What is Cloud Computing?



Cloud Computing provides a simple way to access servers, storage, databases and a broad set of application services over the Internet. Cloud Computing providers such as Amazon Web Services own and maintain the network-connected hardware required for these application services, while you provision and use what you need via a web application.





Let us now delve into some of the latest developments pertaining to cloud computing in the DW/BI sphere.

1. Amazon Redshift


Amazon Redshift is a fast, fully managed, petabyte-scale data warehouse solution that makes it simple and cost-effective to efficiently analyze all your data using your existing business intelligence tools. Amazon Redshift’s data warehouse architecture allows the user to automate most of the common administrative tasks associated with provisioning, configuring and monitoring a cloud data warehouse. Backups to Amazon S3 are continuous, incremental and automatic. Restores are fast; you can start querying in minutes while your data is spooled down in the background. Enabling disaster recovery across regions takes just a few clicks.

                               

Customer Case study: By moving to AWS and using Amazon Redshift as a fast, fully managed data warehouse, Nokia is able to run queries twice as fast as its previous solution and can use business intelligence tools to mine and analyze big data at a 50% costs savings.

Benefits of Amazon Redshift:

  • Optimized for Data Warehousing: Amazon Redshift has a massively parallel processing (MPP) data warehouse architecture, parallelizing and distributing SQL operations to take advantage of all available resources.

  • Scalable: With a few clicks of the AWS Management Console or a simple API call, you can easily change the number or type of nodes in your cloud data warehouse as your performance or capacity needs change.

  • Fault Tolerant: Amazon Redshift has multiple features that enhance the reliability of your data warehouse cluster. All data written to a node in your cluster is automatically replicated to other nodes within the cluster and all data is continuously backed up to Amazon S3.

 2. Snowflake


Snowflake’s unique architecture takes full advantage of all the cloud’s capabilities to store and process data. Scale up and down at any time without costly redistribution of data, read-only downtime, or hours of delay before new resources can be used. Based on a patent-pending new architecture, Snowflake’s cloud service delivers the power of data warehousing, the flexibility of big data platforms and the elasticity of the cloud—at a 90 percent lower cost than on-premises data warehouses.




           Benefits of Snowflake Cloud Services:

      Data warehousing as a service. Snowflake eliminates the pains associated with managing and tuning a database. That enables self-service access to data so that analysts can focus on getting value from data rather than on managing hardware and software.
      Multidimensional elasticity. Unlike existing products, Snowflake’s elastic scaling technology makes it possible to independently scale users, data and workloads, delivering optimal performance at any scale. Elastic scaling makes it possible to simultaneously load and query data because every user and workload can have exactly the resources needed, without contention.
 Single service for all business data. Snowflake brings native storage of semi-structured data into a relational database that understands and fully optimizes querying of that data. Analysts can query structured and semi-structured data in a single system without compromise.

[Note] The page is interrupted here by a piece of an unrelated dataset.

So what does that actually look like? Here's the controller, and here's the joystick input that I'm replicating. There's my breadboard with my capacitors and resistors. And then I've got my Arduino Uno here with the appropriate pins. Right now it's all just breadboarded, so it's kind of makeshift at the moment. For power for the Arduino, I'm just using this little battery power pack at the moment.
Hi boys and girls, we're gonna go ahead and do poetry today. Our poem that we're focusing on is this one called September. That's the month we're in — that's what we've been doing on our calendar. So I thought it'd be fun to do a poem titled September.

Customer Case study: Adobe implemented Snowflake’s Cloud based offering because of the flexibility that came from separating compute from storage provides users and applications with on-demand access to business-critical data at the performance level and scale required. Adobe’s testing indicated that Snowflake’s cost / performance ratio could exceed alternate cloud-based solutions in the market.”

Top 5 Trends in Cloud Data Warehousing and Analytics for 2015

  •  Trend #1: Rapid Deployment of Large-Scale Cloud Data Warehouses

Given the urgency that today’s ever increasing data volumes and complexity levels present, organizations are searching for ways to keep the focus on their business rather than their IT infrastructure. Advances in cloud-based infrastructure and technology are leading companies to trust more of their critical functions to the cloud, including large scale cloud-based data marts and data warehouses.

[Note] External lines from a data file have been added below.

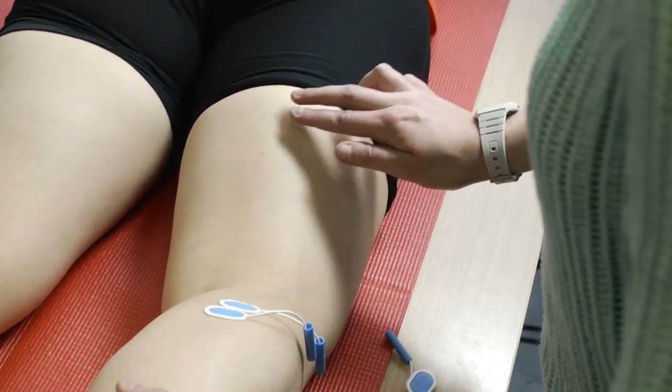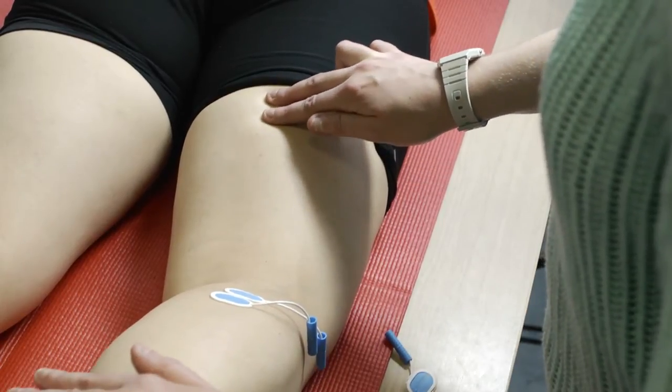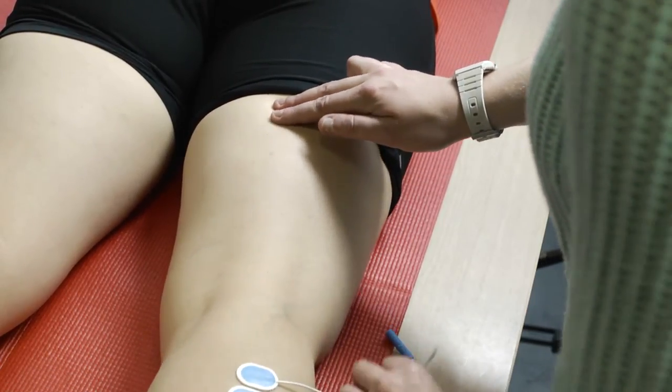And now we can see that muscle clearly appearing in the thigh. So I'm just going to find the centre of that muscle — and you can relax now — and I'm going to attach electrodes.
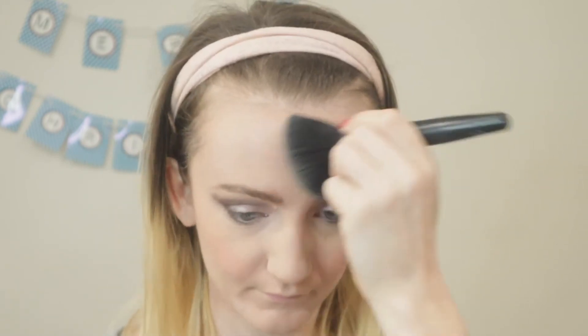I'm going to set the rest of the face, and then go in with my bronzer. This is the Essence Sun Club Matte Bronzing Powder in Natural. I'm going to use my Real Techniques powder and bronzing brush to apply it.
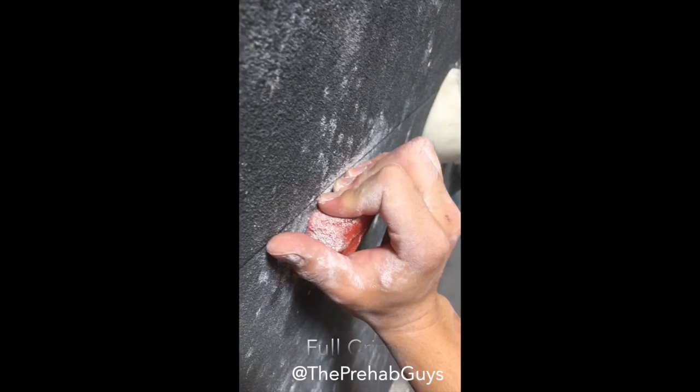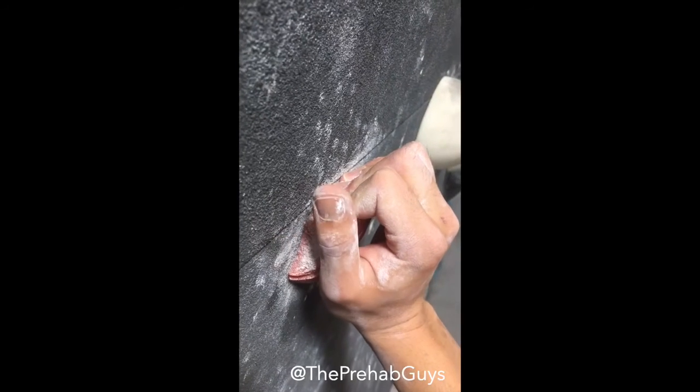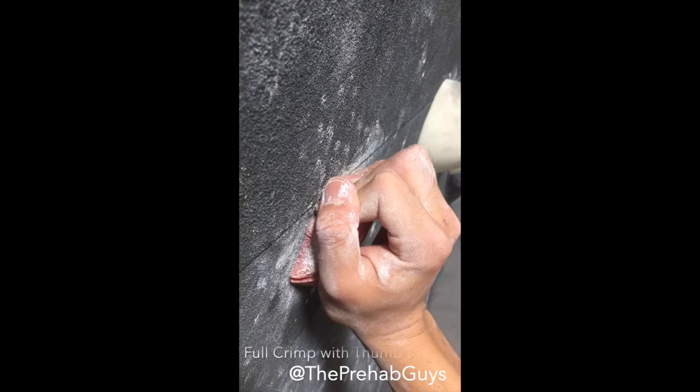However, if a fulcrum is necessary to hold on to a narrow edge, place your thumb over your index finger. Research has shown this simple movement increases the amount of force you may produce while decreasing the amount of strain on your tendons.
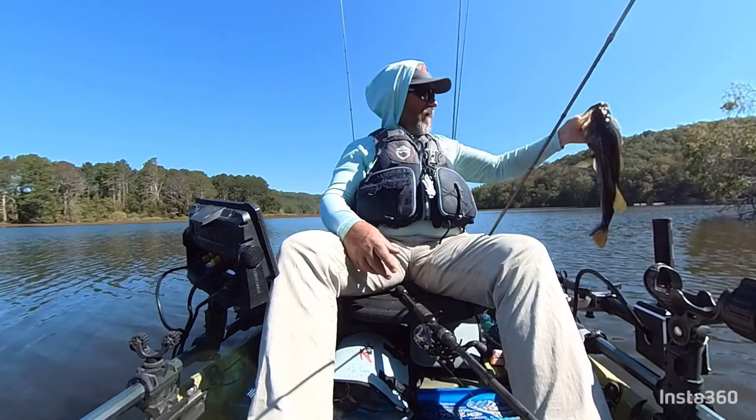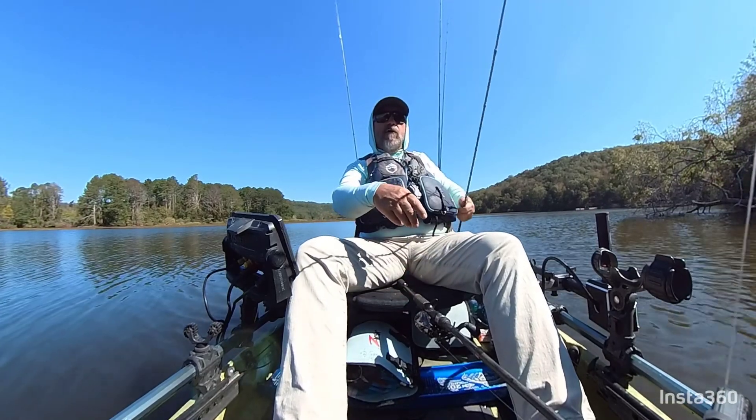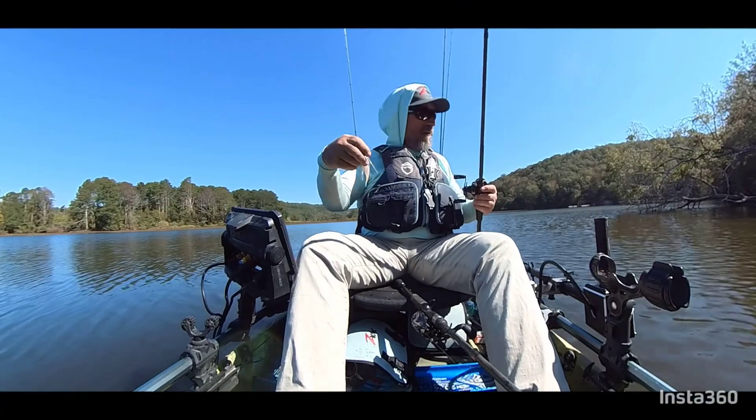Go out guys, hit up Fishing Online — they've got a great selection of all the Evos and the Jackhammers that you need. Get you some, get out on the water, and you can catch fish like that off these.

  • Trend #2: Increased Enablement of Self-Service Data Access via Cloud data Integration Services

Even the most mature analytics organizations struggle with the gap between business analysts who need access to information that is not in existing systems and actually making that information accessible. Developers on the IT side work to create applications to house and maintain this data, but these solutions are often disparate and have no governance from or integration to a data warehouse or one another. New cloud-based data integration and data refinery technologies can allow organizations to close this gap by providing APIs to easily move data between cloud data stores.

  • Trend #3: Continued Growth of NoSQL Adoption

NoSQL databases showed a 7% increase in adoption in 2014[1], with reasons for increased interest ranging from faster and more flexible development to lower deployment costs. NoSQL databases not only offer a low-risk, low-cost solution for organizations looking to get started with cloud-based analytics but also provide one of the most efficient, scalable solutions for cloud data storage as well. Additionally, new types of NoSQL tools, such as graph databases for analyzing relationship networks and key-value pair databases for data stream analysis, are gaining popularity for specific analytic use cases.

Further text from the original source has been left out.